Os viajantes da rota das montanhas entre a Índia e a Ásia Central, China e os santuários do Turquestão não tardaram em perceber aquela figura solitária, ora chorando a perda infligida, ora de olhos pregados nos vales de Kashmir.

“Sem dúvida deve ser o túmulo de um homem santo”, disseram-se uns aos outros, “e não de um qualquer, de poucos dons, haja visto como seu discípulo lamenta sua morte. Ora, está por aqui já fazem alguns meses e seu pesar não dá sinais de esmorecer”

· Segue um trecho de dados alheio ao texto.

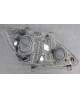 Mercedes Sprinter Reflektor Lewy a9068202361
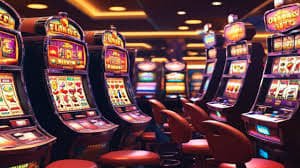 Step-by-step guide to playing xsmb slot games on a smartphone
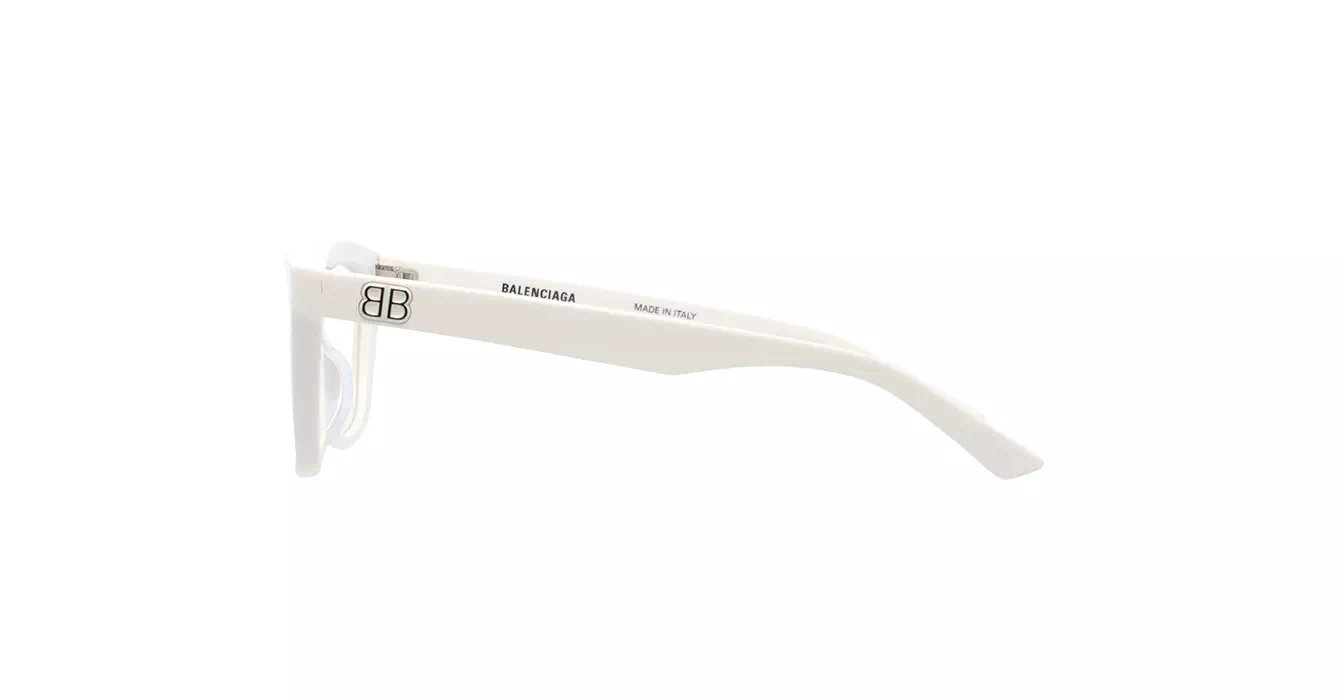 Balenciaga BB0342O 011 s55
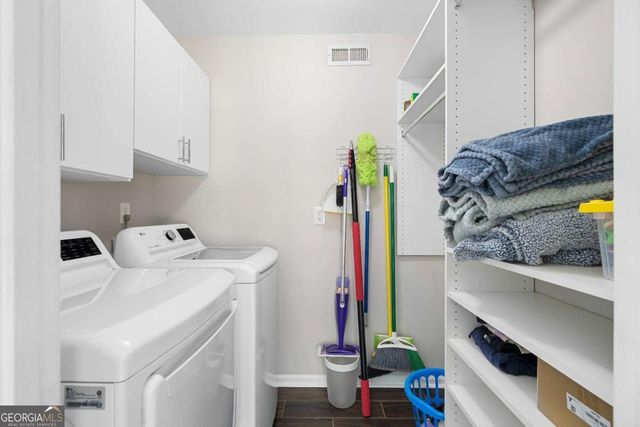 580 Ashvale Overlook, Alpharetta, GA 30005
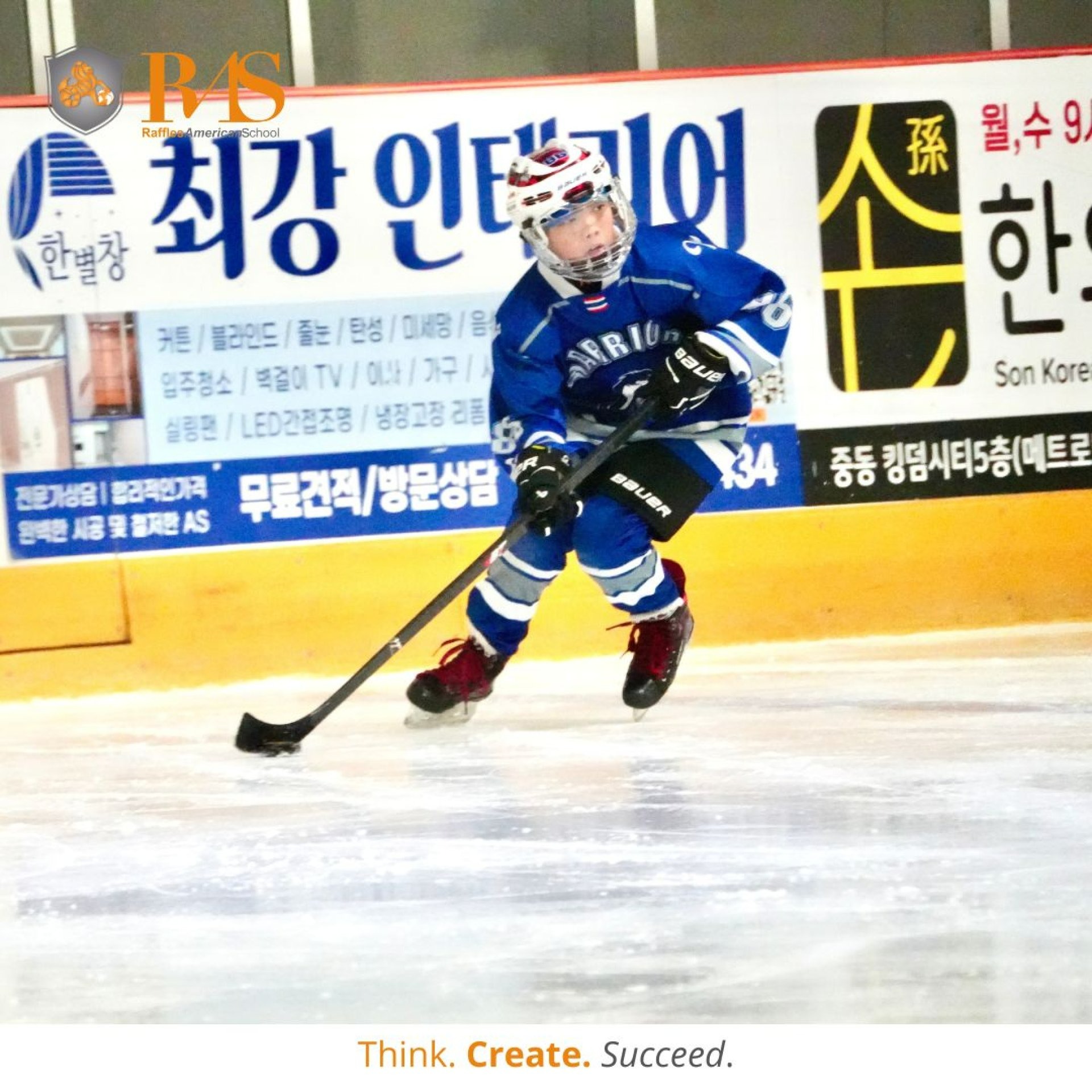 470228668_1158820085715911_364719907382911137_n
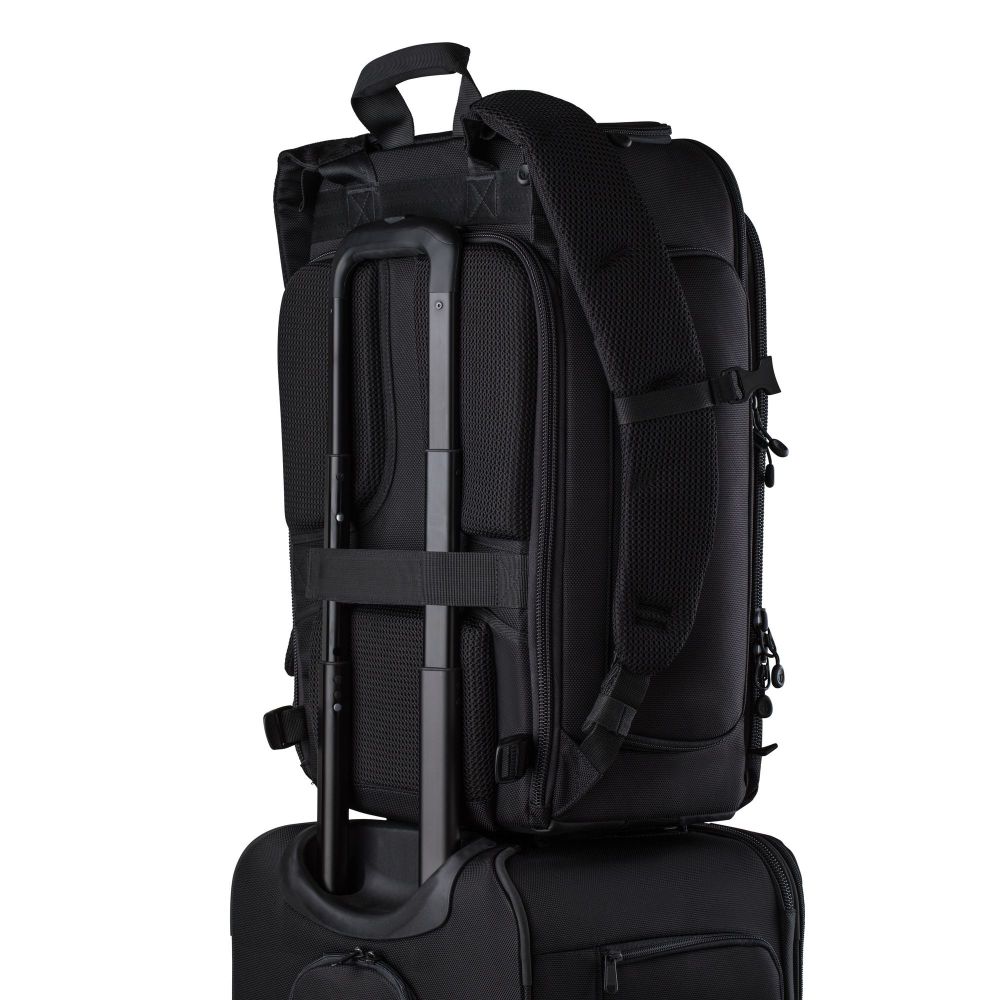 Фоторюкзак Tenba Roadie Backpack 20 638-721
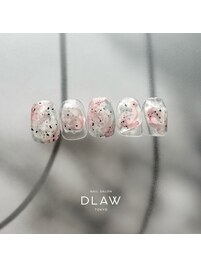 ６月シンプルデザイン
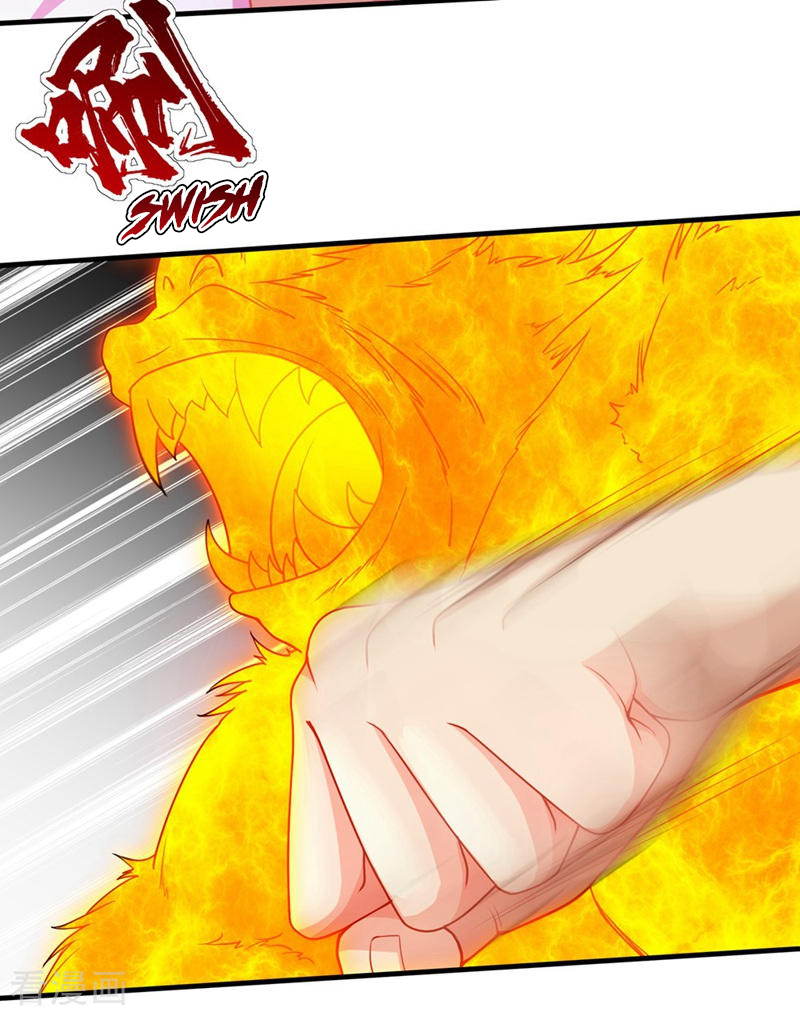 Page 5 of Chapter 9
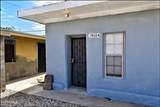 1908 Olive Avenue - Photo 8
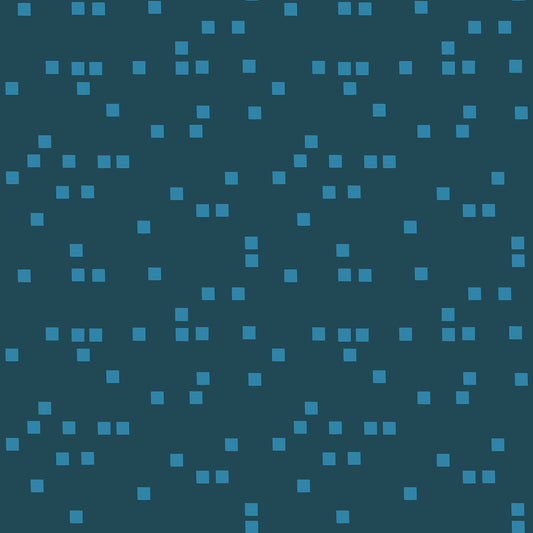 Geometry by Ruby Star Society : Square Dance Galaxy RS5177 15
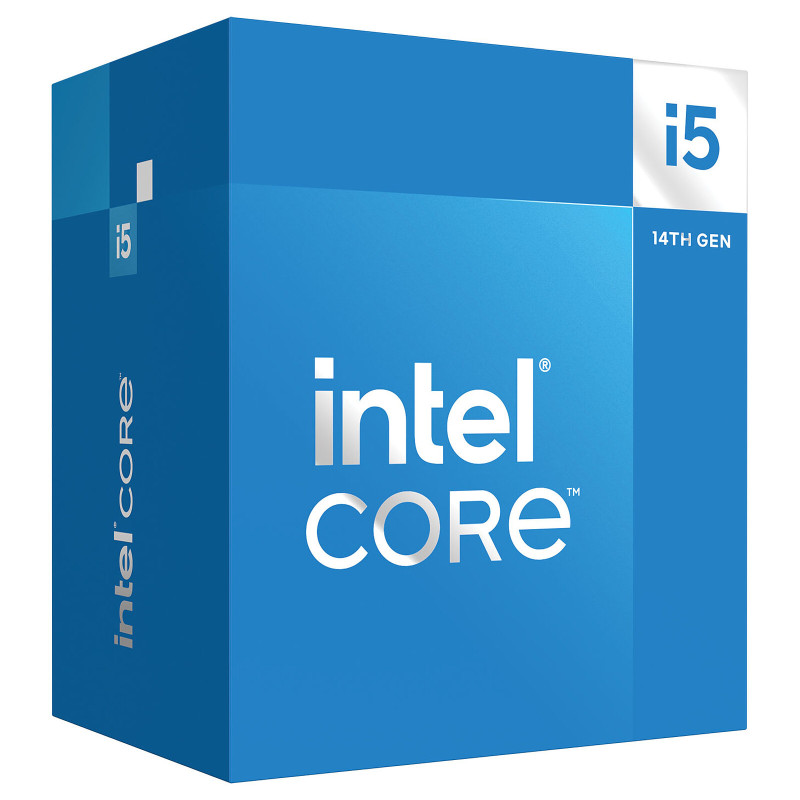 processeur-intel-core-i5-14-500-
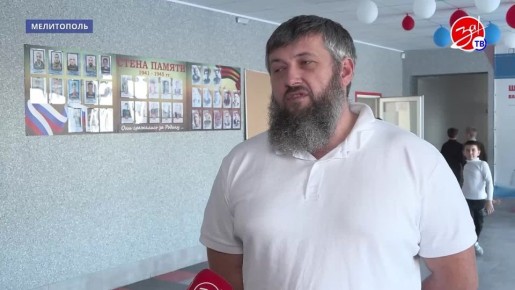 � �������������� ����� � ���������� ��� �������� ����� ������ ������ �����������, ������������ �� ��� ������� ������������ ���������� �� ���������� �������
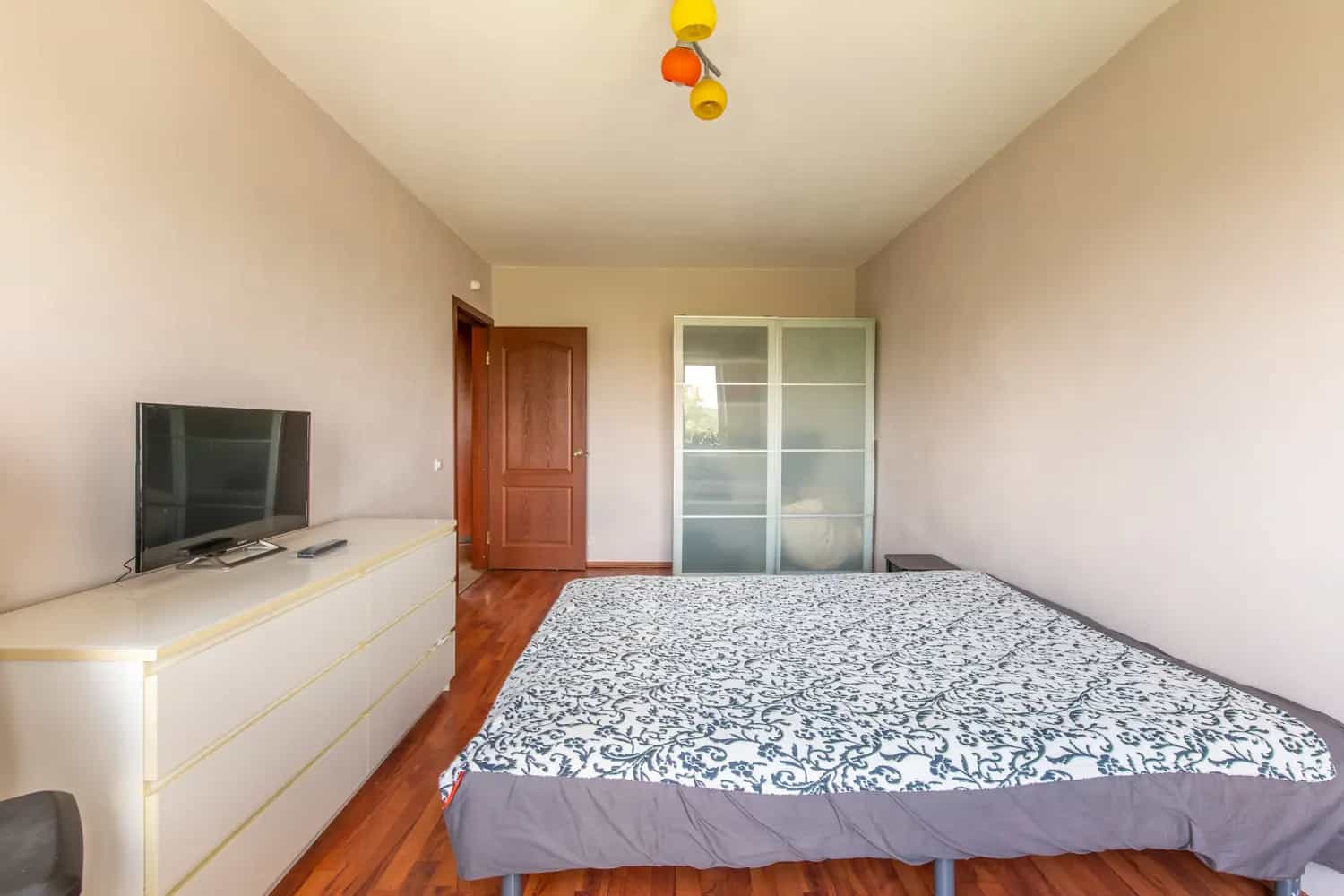 Беларусь, Минск, улица Калиновского, 48к2, фото 6
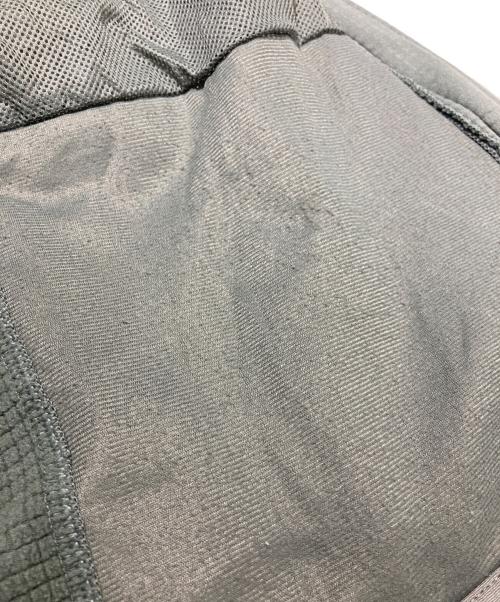 US ARMY（ユーエスアーミー）US ARMY (ユーエスアーミー) ECWCS GEN3 LEVEL3 フリースジャケット カーキ サイズ:Mの古着・服飾アイテム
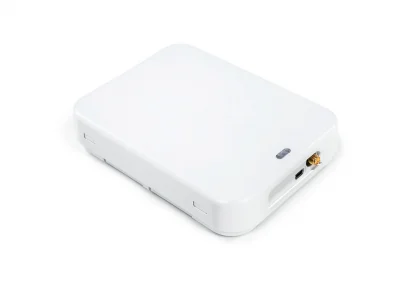 ET083 Universal Communicator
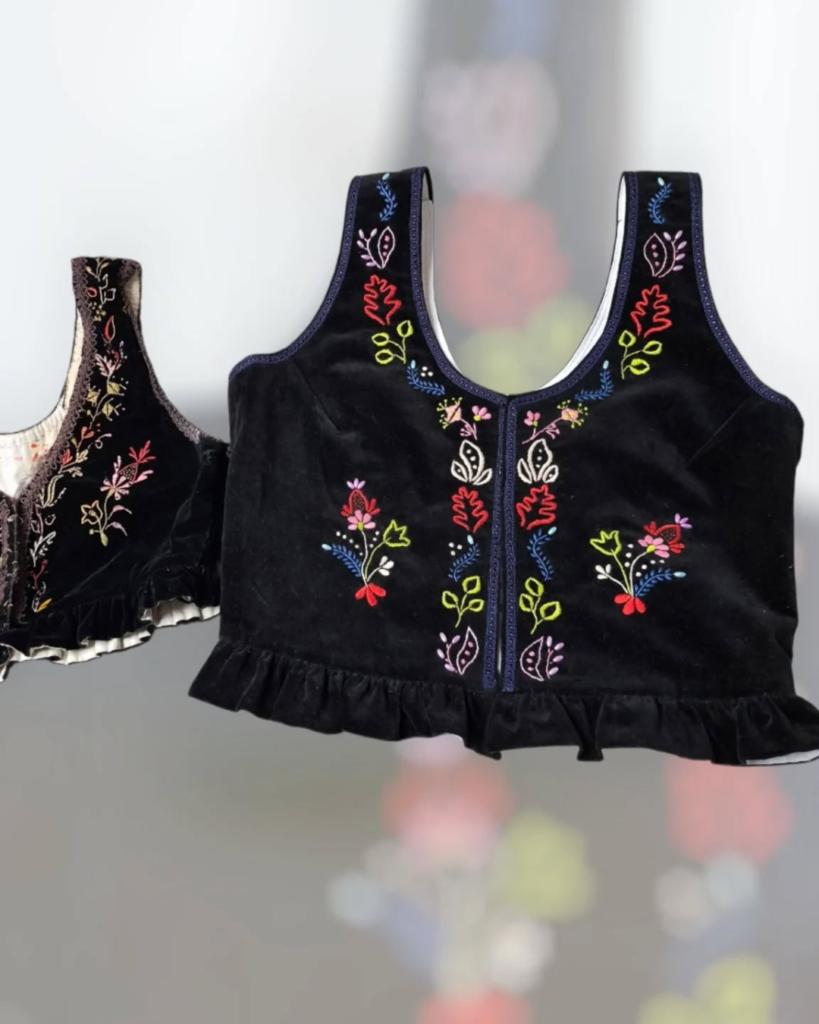 Bez nazwy – kopia (90)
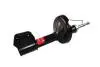 Стійка амортизатора Nissan Kubistar 2003-; Renault Kangoo 1997 Tashiko G33848 (фото 3)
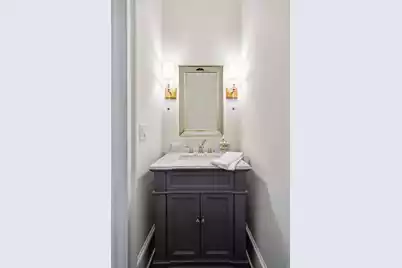 201 Tea Farm Road, Summerville, SC 29483 - Photo 29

Não tardou para que passasse um homem rico, que ordenou fosse ali construído, em sinal de devoção, um imponente santuário. Outros peregrinos aplainaram os terrenos montanhosos a volta nos quais plantaram sementes, cujos frutos destinavam-se à manutenção do santuário. A fama do Dervixe em Luto Silencioso propagou-se de tal maneira, que acabou chegando aos ouvidos do pai de Nasruddin, que, imediatamente, veio em peregrinação ao local santificado. Assim que viu Nasruddin, perguntou-lhe o que havia sucedido. Nasruddin contou-lhe tudo. Perplexo, o velho levantou as mãos para o céu.

“Saiba, ó filho meu”, exclamou, “que o santuário no qual cresceste e que abandonaste foi erguido exatamente da mesma maneira, através de uma cadeia similar de eventos, quando meu próprio jumento morreu há uns trinta anos atrás.”